Generative models, by implicitly learning the rules of chemistry, produce molecules that they’ve never seen before. This results in exponentially more unique, valid molecules than in the original training database. Researchers can also construct numerical optimization algorithms that operate in the latent space of the model to search for optimal molecules. These function as gradients in the latent space that computational chemists can use to steer molecule generation toward desirable properties.

The authors report that numerous state-of-the-art deep learning architectures are driving more robust generative models. Graph neural networks, generative adversarial networks, variational encoders, and transformers are creating generative models transforming molecular representation and de novo drug design. 

Convolutional neural networks, like Chemception, have been trained to predict chemical properties such as toxicity, activity, and solvation. Recurrent neural networks have the capacity to learn latent representations of chemical spaces to make predictions for several datasets and tasks.

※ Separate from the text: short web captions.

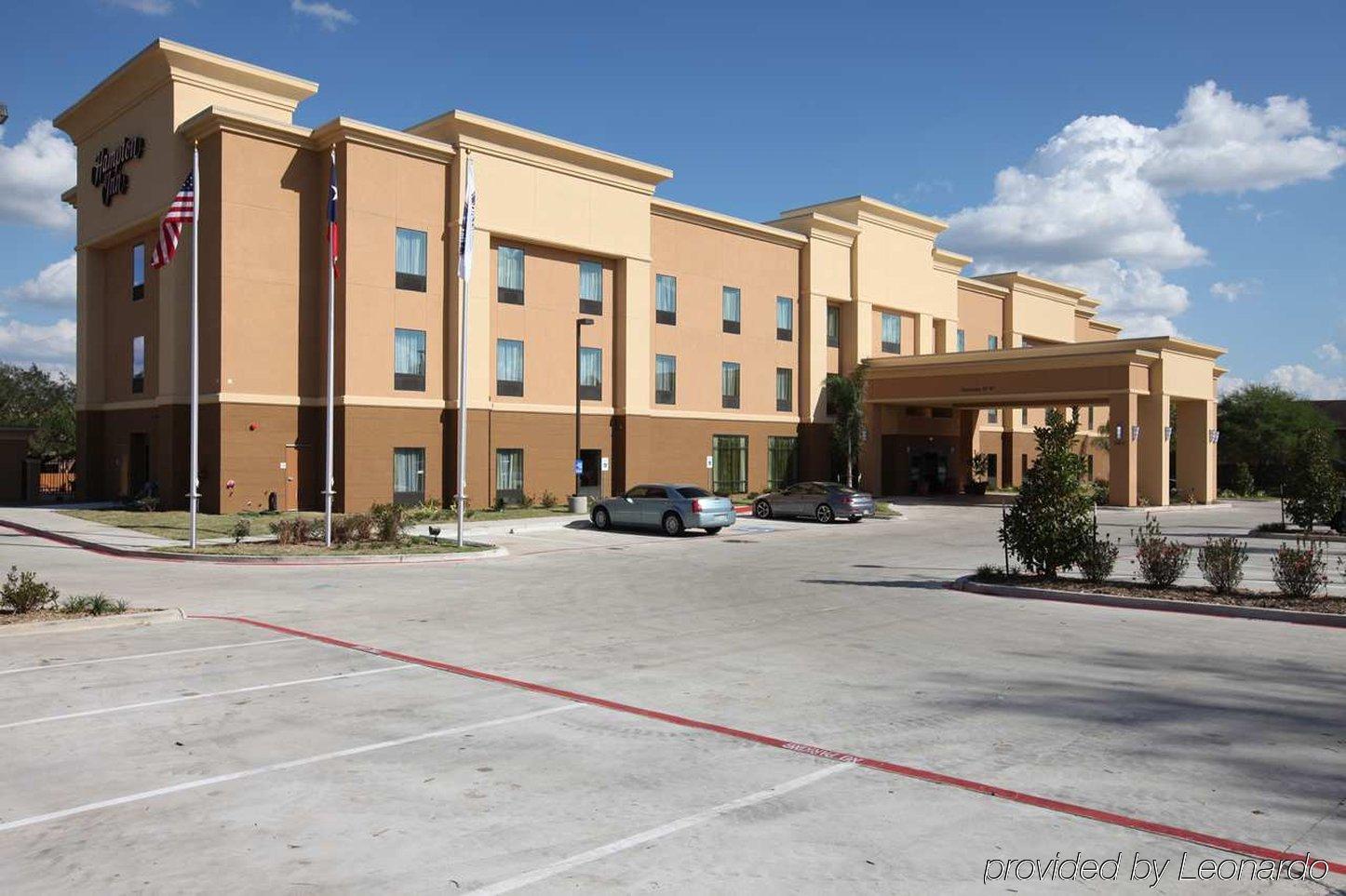 Hampton Inn Beeville Zewnętrze zdjęcie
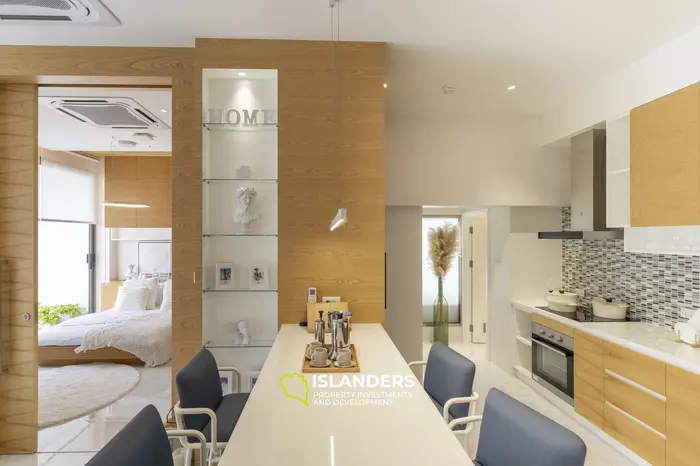 דופלקס מדהים עם 3 חדרי שינה למכירה במחוז פוקט, חוף באנג טאו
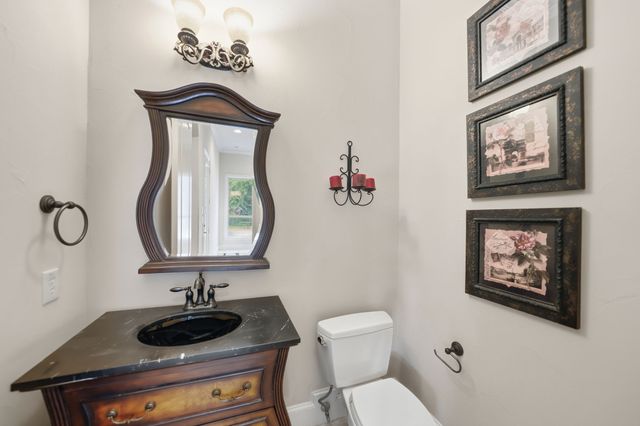 4229 Bluffview Boulevard, Dallas, TX 75209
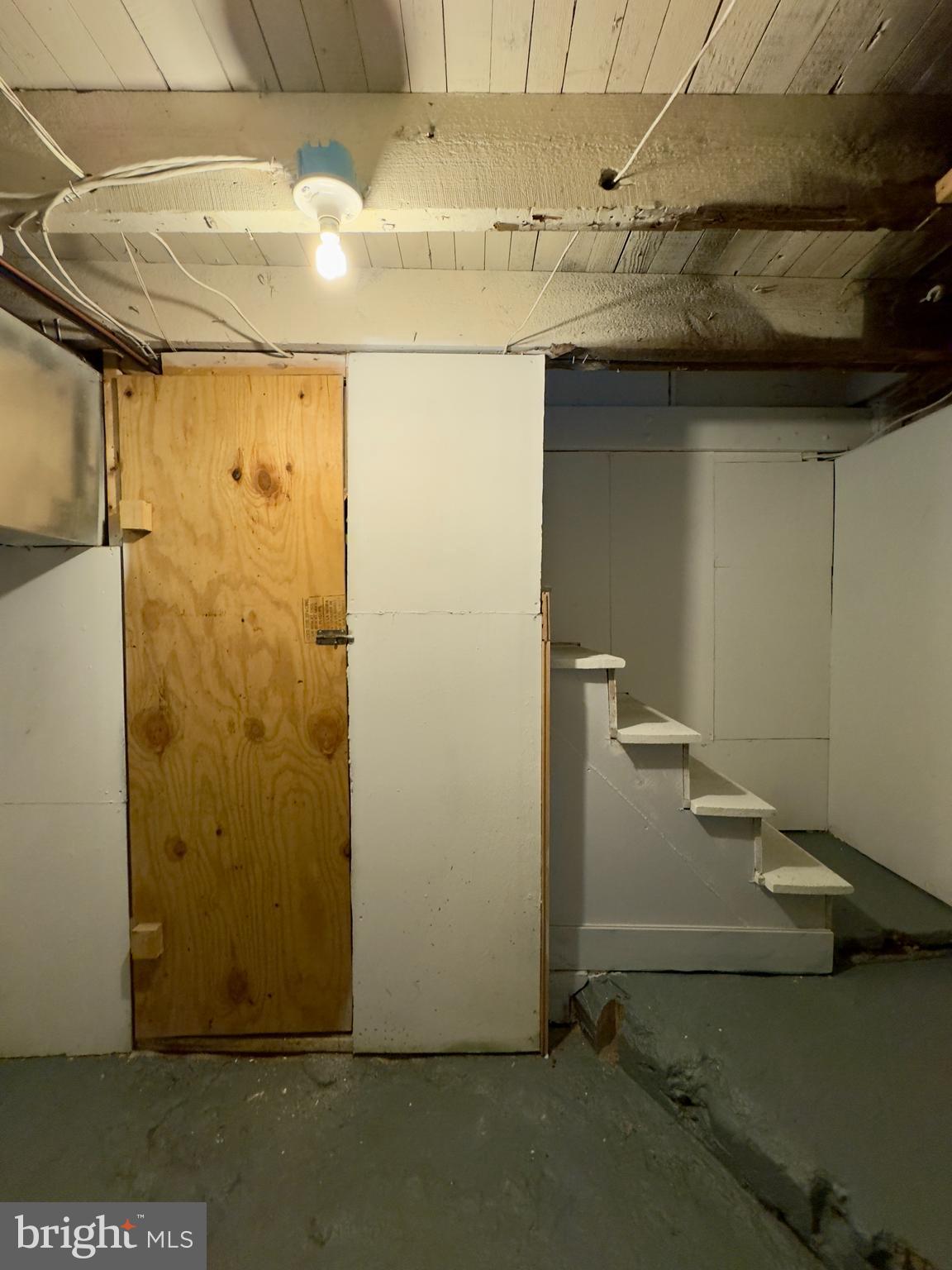 HAMPDEN HISTORIC DISTRICT - Residential Lease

MegaMolBART is a transformer-based generative model that achieves 98.7% unique molecule generation at AI-supercomputing scale. With support for model parallel training, MegaMolBART can train 1B+ parameter models for training on large chemical databases and is tunable for a wide range of tasks. 

The Million-X leap in scientific computing

Today, GPUs are accelerating every step of the computer aided drug discovery workflow, showing effectiveness in everything from target elucidation to FDA approval. With accelerated computing, scientific calculations are being massively parallelized on GPUs. 

Supercomputers help these calculations to be scaled up and out to multiple nodes and GPUs, leveraging fast communication fabrics to tie GPUs and nodes together.

AT GTC, NVIDIA CEO Jensen Huang shared how NVIDIA has accelerated computing by a million-x over the past decade. The future is bright for digital biology, where these speed-ups are being realized to speed up drug discovery and deliver therapeutics to market faster.